*Data for analysis*.
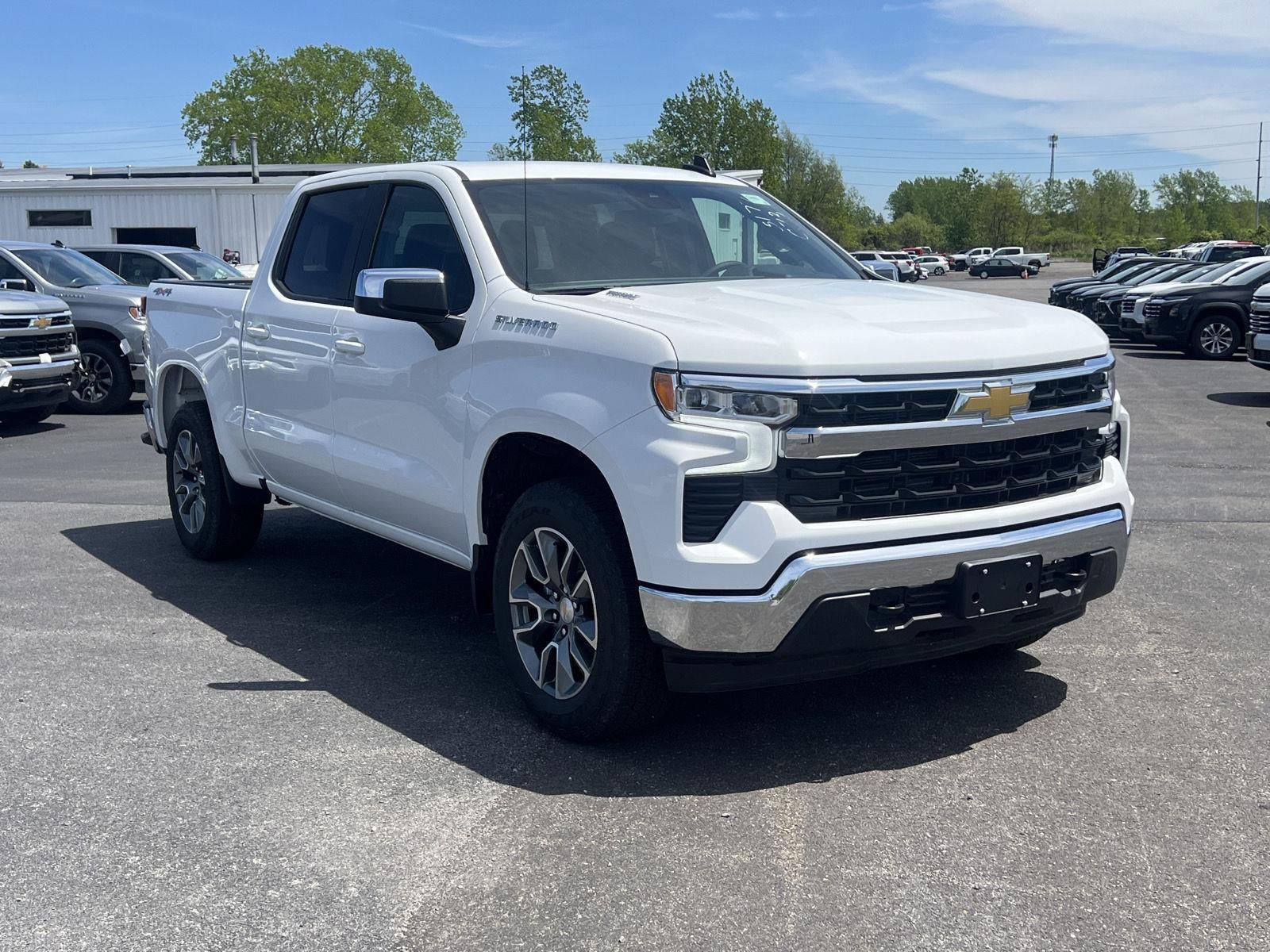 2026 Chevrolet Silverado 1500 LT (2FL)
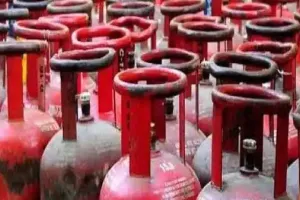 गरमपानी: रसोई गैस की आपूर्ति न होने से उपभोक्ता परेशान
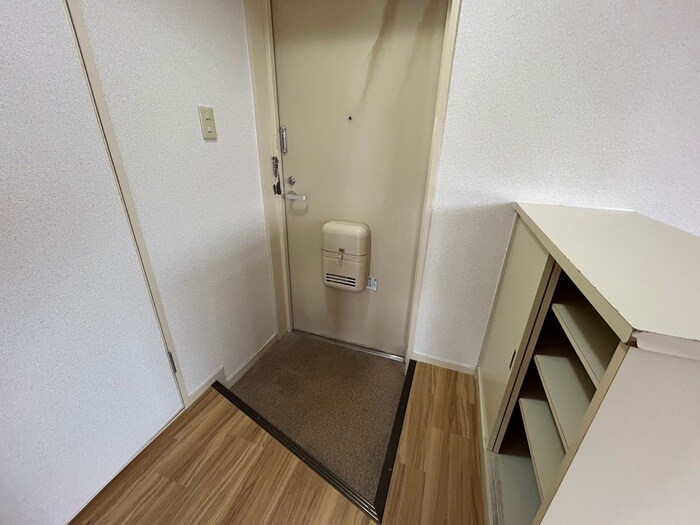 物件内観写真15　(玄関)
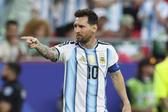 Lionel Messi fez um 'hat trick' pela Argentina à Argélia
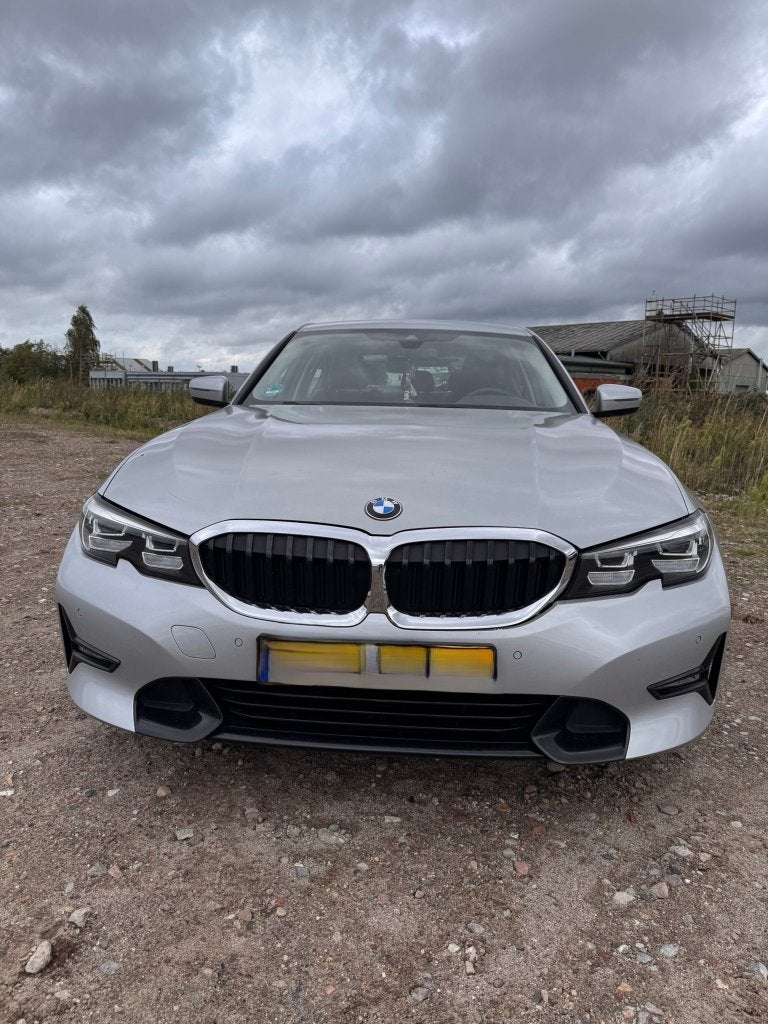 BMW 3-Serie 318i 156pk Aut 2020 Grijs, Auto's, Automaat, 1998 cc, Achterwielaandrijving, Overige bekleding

...

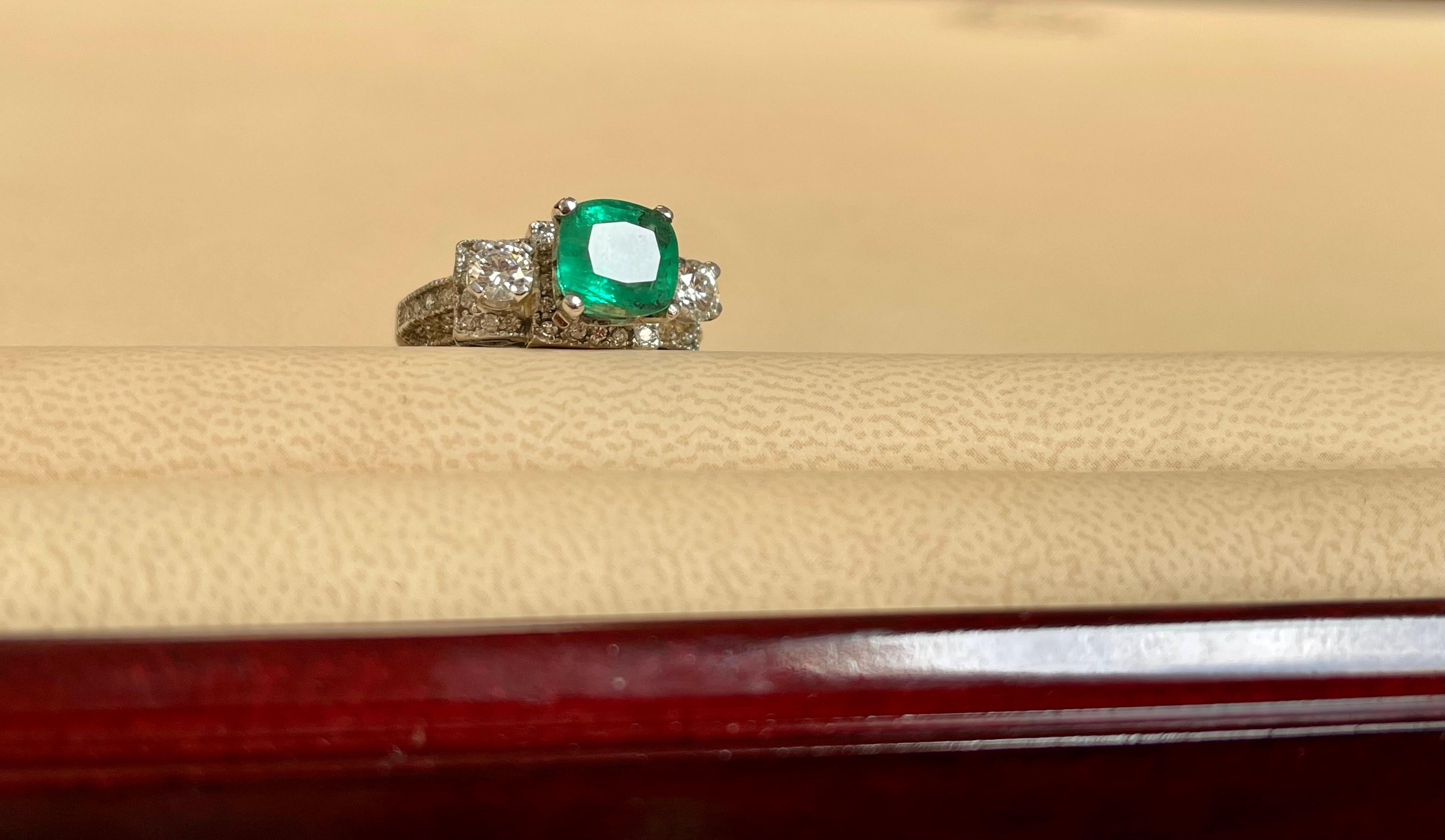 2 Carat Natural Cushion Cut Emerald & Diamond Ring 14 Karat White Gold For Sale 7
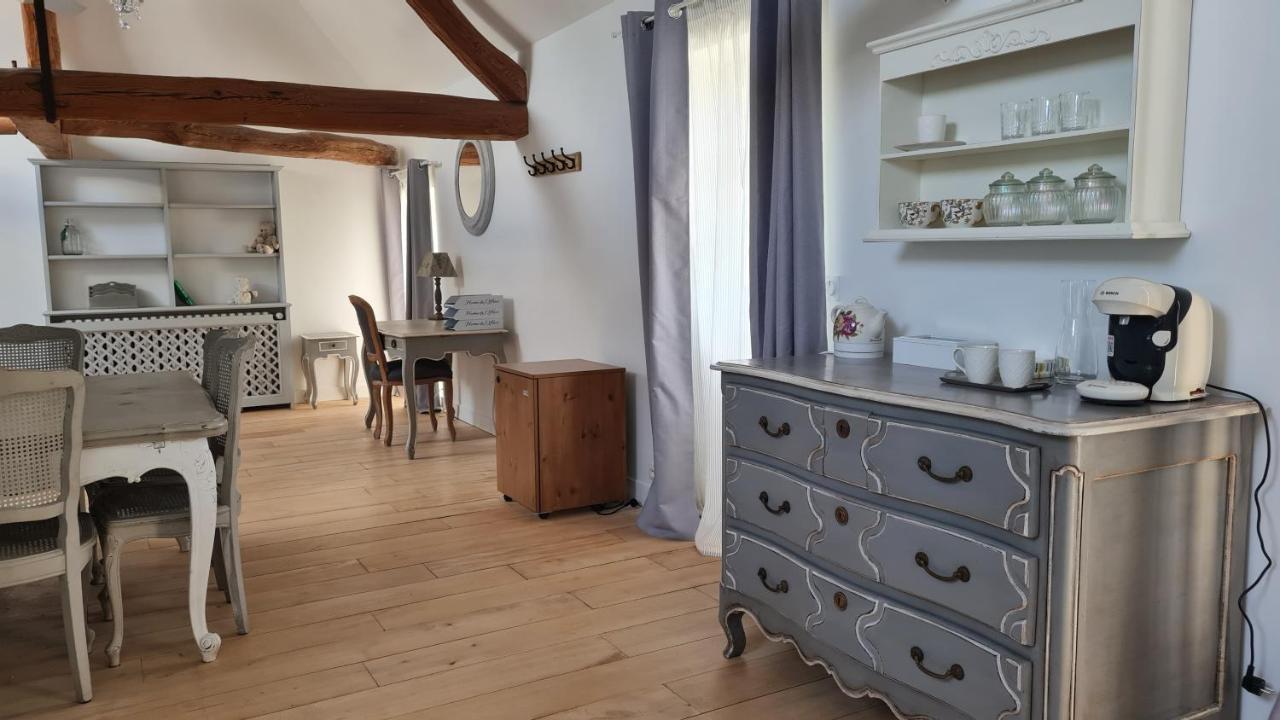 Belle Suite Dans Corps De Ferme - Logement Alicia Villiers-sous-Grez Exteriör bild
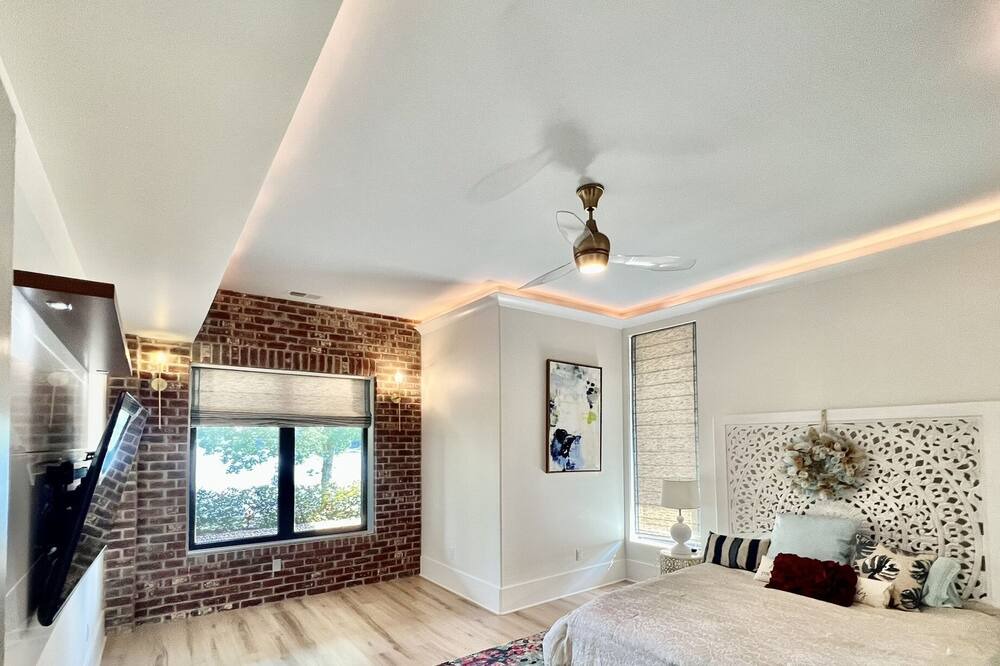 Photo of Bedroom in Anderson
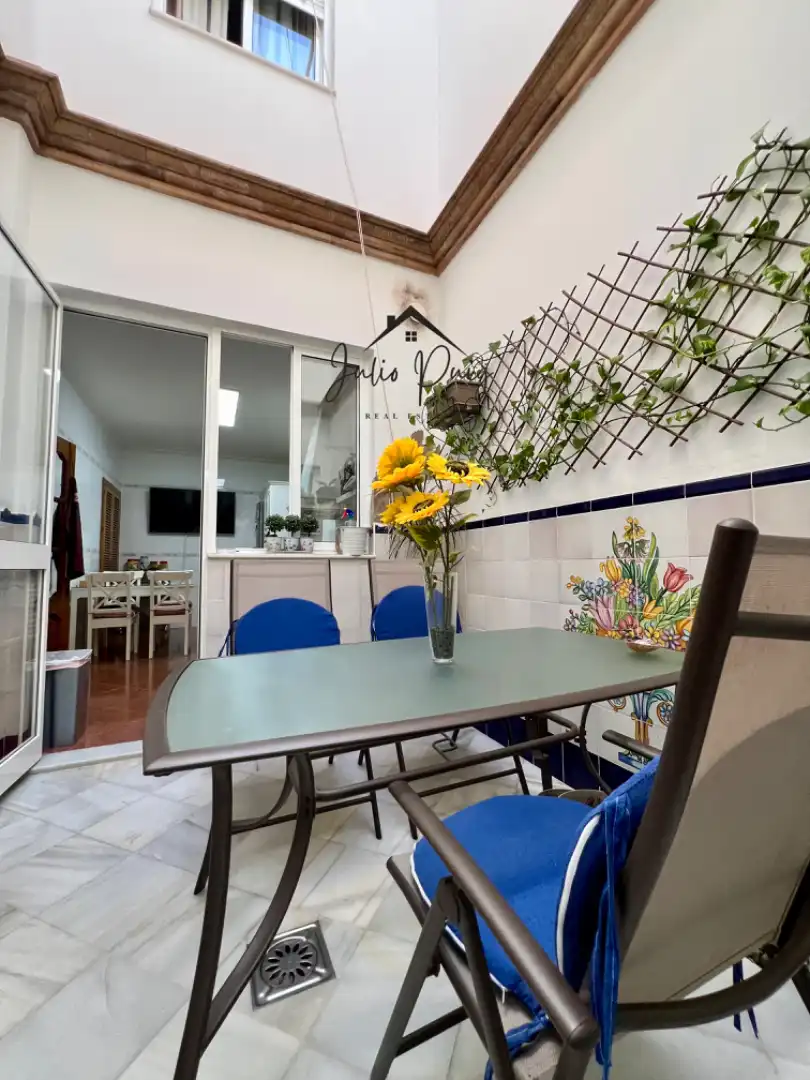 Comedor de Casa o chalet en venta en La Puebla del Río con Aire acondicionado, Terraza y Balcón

*Work required*. Could you write out exactly the lines of the data above that run from the one holding "Photo of Bedroom in Anderson" to the one holding "Comedor de Casa", with both ends in and all pictures out?

*Task result*.
 Photo of Bedroom in Anderson
 Comedor de Casa o chalet en venta en La Puebla del Río con Aire acondicionado, Terraza y Balcón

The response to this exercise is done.